Primary-key collisions in multi-master replication environment using django


I have a multi-master replication setup using Postgres and Bucardo. On top of it, I have a Django application.

The setup does not fully works since I keep getting primary-key collisions. Since the replication is configured to clone the whole database, and thus I’m somewhat confident that Postgres’ sequence ids are being updated, I wonder if it is not Django that keeps somewhere in memory the last sequential id number. If so, does anyone have any hint on what could be done to fix this issue?

Thanks in advance

Does your setup work with the SERIAL postgres data type? That’s what django uses under the hood for the default auto-incrementing primary keys.

Yes. I’m using serial id as primary key.

I’m aware that this kind of issue could possible arise.

It was recommended to me, by the Bucardo/Postgres folks to change this to possible to a non-sequential alternative. But, before that, I’m just surveying the Django landscape to see and understand the process in witch Django controls the issuing of ids to make sure that some work around could not be implemented without changing the database schema.

For instance, maybe to check if the id is available, if not, skipping ahead. I’m sure that are time penalties involved, but, as said, I’m surveying the possibilities, maybe doing some tests.

Any suggestion would be appreciated…

This really isn’t a Django issue - Django does not assign PKs, and does not control them at all - it’s left entirely up to PostgreSQL.
You’ve got a couple of different options -
1 - Use UUIDs instead of serial integers (I’m not a fan of this, but that’s a discussion for another time)

2 - Set the starting value for the sequences in each database instance to some sufficiently large value to allow for space for each. (For example, if you can make the effective decision that you will never have more than 1,000,000 entries in a particular table, you can set the starting values for each instance at 1, 1,000,001, 2,000,001, 3,000,001 … for each instance in your cluster.

3 - Set the auto increment value for each instance to interleave the assigned keys. For example, if you know that you’re never going to have more than 5 masters, to be safe, you could assign an autoincrement value for the sequence to 10, and start each instance at 1, 2, 3, 4, and 5. (And if you end up adding 5 more masters, you have space for them.)

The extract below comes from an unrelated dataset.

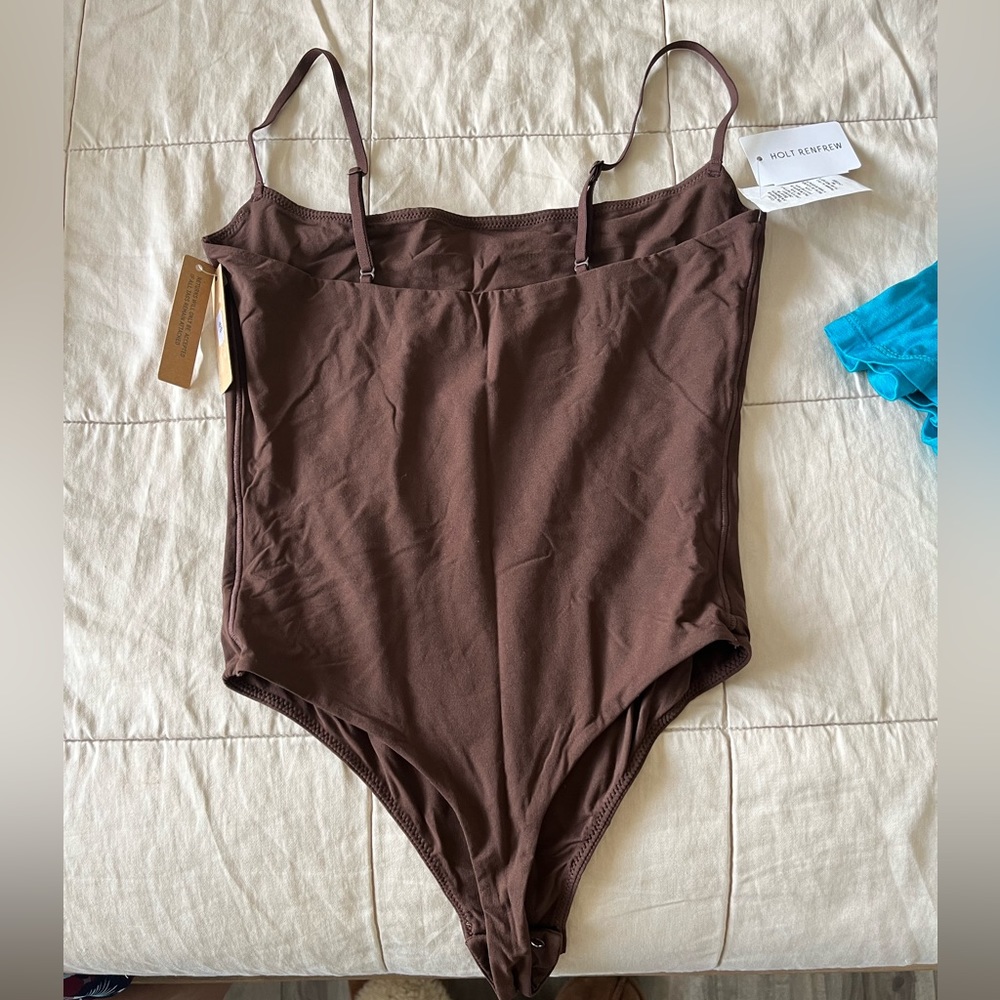 SKIMS
Fits Everybody Cami Bodysuit - Picture 2 of 8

4 - (Slowest by far, but the only way to ensure strictly sequential PK values) Implement an n-phase commit where you lock the table on all the instances to ensure you have exclusive access to that sequence across all masters. (Note: I am not seriously recommending this, I’ve just included it because it is an option - no matter how “bad” an option it may be. If you have a requirement for strictly sequential PK values, I would submit that you’ve got other database design issues needing to be addressed.)